Robin Reeve s’inscrit dans la même ligne: «La Bible est à la fois parole des hommes et parole de Dieu. Quand on insiste sur un seul aspect, on manque quelque chose. Si l’on n’y voit qu’une parole où les hommes s’expriment sur ce qu’ils pensent de Dieu, on risque de ne voir dans la Bible qu’un texte enfermé dans son temps. Et si l’on ne voit que l’aspect parole de Dieu, l’on fait abstraction de la complexité des contextes dans lesquels elle a été transmise.» Pasteur de l’Église protestante de Genève et animateur du site jecherchedieu.ch, Marc Pernot se méfie de l’expression «Parole de Dieu»: «La Parole s’est faite chair, elle ne s’est pas faite livre! Le texte de la Bible peut avoir un effet de parole de Dieu, mais il peut aussi être une parole de mort! La Bible peut être utilisée pour pourfendre des individus. Elle a été utilisée pour réduire en esclavage les personnes noires… On le voit d’ailleurs dans le récit des tentations de Jésus dans le désert: le diable se sert de versets bibliques pour appâter Jésus.» Ainsi, pour le théologien «La Bible n’est pas parole de Dieu, elle le devient quand elle est lue et étudiée dans une démarche priante!»

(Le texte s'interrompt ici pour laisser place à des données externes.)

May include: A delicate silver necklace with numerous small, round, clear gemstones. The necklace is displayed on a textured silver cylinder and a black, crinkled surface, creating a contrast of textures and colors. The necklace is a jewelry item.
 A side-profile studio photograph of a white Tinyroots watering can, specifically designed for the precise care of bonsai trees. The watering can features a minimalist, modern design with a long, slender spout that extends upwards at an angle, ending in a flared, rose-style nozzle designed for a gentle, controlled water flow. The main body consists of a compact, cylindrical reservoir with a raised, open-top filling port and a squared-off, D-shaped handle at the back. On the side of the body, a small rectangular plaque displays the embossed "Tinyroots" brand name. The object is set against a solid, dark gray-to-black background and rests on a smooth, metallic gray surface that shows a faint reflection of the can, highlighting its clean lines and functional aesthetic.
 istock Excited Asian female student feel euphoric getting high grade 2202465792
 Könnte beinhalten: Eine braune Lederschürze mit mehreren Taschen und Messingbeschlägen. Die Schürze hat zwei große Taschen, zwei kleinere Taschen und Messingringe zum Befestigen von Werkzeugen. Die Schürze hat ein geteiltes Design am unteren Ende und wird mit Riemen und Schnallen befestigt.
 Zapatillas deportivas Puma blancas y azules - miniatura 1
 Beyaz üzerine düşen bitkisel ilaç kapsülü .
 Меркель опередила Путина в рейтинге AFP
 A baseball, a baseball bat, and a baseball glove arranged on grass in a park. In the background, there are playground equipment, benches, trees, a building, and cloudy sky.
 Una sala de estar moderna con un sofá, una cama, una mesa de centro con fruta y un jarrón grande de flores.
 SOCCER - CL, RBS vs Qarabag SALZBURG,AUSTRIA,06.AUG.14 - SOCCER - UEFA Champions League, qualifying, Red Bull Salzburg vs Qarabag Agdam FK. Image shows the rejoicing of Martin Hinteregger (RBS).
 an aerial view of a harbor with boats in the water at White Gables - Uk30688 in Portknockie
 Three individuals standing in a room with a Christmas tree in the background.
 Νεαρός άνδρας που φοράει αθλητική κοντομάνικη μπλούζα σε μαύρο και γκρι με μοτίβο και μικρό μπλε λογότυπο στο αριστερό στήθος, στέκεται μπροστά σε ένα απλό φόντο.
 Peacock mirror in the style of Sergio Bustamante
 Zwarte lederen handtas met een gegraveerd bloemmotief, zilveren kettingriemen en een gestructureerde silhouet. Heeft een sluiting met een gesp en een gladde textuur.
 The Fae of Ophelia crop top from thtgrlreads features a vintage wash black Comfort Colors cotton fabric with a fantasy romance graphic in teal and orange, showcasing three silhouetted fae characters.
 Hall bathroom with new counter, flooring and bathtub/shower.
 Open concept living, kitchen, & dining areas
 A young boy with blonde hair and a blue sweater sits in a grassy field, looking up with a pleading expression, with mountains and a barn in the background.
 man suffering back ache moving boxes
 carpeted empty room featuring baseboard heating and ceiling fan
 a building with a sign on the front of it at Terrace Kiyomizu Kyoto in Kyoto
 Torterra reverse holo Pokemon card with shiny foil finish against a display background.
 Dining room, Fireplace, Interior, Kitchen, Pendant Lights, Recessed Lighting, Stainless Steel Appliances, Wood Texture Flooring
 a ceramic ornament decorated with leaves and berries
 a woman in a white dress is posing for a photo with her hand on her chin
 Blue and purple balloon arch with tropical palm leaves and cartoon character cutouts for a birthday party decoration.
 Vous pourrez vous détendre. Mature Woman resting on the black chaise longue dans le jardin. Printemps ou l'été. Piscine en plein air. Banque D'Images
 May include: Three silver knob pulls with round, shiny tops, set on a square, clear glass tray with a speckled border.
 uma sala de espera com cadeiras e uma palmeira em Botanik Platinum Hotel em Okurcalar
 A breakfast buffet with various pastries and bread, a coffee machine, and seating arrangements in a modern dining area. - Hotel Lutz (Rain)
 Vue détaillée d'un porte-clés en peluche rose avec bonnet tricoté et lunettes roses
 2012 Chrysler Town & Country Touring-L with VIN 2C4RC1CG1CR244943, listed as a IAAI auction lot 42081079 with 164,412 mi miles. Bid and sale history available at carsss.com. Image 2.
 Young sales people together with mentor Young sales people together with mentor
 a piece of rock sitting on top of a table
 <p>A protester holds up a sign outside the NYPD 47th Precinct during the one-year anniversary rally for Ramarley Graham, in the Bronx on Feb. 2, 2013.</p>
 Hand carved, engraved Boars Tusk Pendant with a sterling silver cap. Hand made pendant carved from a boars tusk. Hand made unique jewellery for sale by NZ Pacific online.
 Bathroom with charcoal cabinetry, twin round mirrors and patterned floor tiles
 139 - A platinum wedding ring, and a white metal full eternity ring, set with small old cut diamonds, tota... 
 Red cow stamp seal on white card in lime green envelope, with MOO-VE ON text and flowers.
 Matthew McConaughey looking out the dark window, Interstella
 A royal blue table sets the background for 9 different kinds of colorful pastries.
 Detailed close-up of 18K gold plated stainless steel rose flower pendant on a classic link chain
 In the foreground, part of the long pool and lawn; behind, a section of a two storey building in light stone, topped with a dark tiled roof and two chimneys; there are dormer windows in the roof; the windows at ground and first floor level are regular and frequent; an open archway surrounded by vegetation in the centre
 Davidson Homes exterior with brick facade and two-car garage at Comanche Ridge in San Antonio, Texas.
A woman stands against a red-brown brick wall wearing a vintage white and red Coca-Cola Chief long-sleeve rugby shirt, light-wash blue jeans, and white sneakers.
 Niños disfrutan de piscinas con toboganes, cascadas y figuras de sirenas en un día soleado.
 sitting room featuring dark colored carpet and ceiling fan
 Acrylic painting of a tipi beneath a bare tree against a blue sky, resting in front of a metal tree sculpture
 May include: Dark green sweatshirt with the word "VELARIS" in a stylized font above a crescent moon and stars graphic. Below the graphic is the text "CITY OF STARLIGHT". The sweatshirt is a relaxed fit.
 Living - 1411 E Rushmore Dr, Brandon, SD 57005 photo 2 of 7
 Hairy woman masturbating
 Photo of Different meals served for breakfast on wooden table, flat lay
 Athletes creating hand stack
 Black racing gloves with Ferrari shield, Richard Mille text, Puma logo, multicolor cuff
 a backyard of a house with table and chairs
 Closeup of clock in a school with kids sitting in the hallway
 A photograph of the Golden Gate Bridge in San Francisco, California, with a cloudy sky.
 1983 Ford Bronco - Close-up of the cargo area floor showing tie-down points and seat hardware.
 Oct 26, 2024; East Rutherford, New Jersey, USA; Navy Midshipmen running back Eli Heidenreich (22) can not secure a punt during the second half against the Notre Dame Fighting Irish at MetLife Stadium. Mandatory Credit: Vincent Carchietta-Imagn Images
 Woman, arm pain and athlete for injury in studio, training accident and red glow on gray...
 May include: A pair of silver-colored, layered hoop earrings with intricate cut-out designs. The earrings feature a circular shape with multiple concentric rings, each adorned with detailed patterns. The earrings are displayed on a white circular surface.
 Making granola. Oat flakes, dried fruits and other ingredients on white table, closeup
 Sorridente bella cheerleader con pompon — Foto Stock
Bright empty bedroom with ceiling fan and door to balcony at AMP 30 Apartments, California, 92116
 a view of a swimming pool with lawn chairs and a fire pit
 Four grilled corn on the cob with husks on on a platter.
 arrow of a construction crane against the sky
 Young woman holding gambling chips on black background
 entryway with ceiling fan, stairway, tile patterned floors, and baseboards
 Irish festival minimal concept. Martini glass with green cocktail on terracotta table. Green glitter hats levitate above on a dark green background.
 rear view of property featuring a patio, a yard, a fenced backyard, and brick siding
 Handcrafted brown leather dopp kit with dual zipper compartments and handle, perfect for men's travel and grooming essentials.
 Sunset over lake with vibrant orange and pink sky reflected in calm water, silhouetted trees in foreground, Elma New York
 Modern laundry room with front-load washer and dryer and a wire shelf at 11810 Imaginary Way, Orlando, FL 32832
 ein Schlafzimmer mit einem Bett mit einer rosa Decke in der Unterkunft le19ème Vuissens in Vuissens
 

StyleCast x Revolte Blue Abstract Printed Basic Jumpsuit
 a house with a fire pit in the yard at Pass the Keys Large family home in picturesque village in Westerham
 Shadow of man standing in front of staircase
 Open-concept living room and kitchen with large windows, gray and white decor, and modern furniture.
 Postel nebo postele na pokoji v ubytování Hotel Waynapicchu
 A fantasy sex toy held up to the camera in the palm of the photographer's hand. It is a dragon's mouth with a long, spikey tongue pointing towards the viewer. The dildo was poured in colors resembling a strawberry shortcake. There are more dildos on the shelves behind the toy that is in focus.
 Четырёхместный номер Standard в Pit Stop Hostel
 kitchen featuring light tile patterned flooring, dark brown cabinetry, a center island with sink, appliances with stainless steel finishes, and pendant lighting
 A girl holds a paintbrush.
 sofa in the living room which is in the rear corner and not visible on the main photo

Cette nécessité de vivre le texte dans une démarche de prière est d’ailleurs largement répandue dans les protestantismes. «Pour moi, en tant que croyant, ma lecture dévotionnelle se vit en dialogue avec Dieu. Elle part de l’idée que le Saint-Esprit qu’il me donne pour lire est le même Esprit qui a conduit, inspiré et guidé les auteurs bibliques.», explique Robin Reeve.

Multiplicité de sens

Sara Schulthess valorise plutôt une multiplicité des sens donnés au texte: «Le protestantisme a volontairement tourné la page de la tradition d’interprétation selon laquelle une Église seule ou une autorité unique étaient garantes du sens du texte. Au contraire, la Bible est offerte à tout un chacun. Mais cette libération de l’interprétation biblique donne lieu à une pluralité des interprétations.» Pour Marc Pernot, cette multiplicité est même au coeur des Écritures: «La Bible parle beaucoup par récits. Et dans ceux-ci, nous sommes appelés à nous identifier à tous les personnages», explique le pasteur. «Par exemple, dans le Psaume 1, on peut se reconnaître à la fois dans le juste et dans le méchant. On est à la fois l’Hébreu libéré (le meilleur de nous-mêmes) et le soldat de Pharaon éliminé (ce qui nous tire vers le bas, nos faiblesses et nos blessures)», explique-t-il. «Et ce n’est pas seulement moi, protestant du XXIe siècle, qui lit le texte comme ça, c’est aussi la lecture qu’en faisaient Paul ou Pierre dans le Nouveau Testament.» Ainsi, pour le théologien, «la Bible n’est pas un livre de réponses, un code de conduite. C’est plutôt un recueil de questions. Lire la Bible, c’est être interrogé sur sa vie, sa personne. C’est se mettre à l’écoute de Dieu, mais ce n’est pas trouver une réponse toute faite».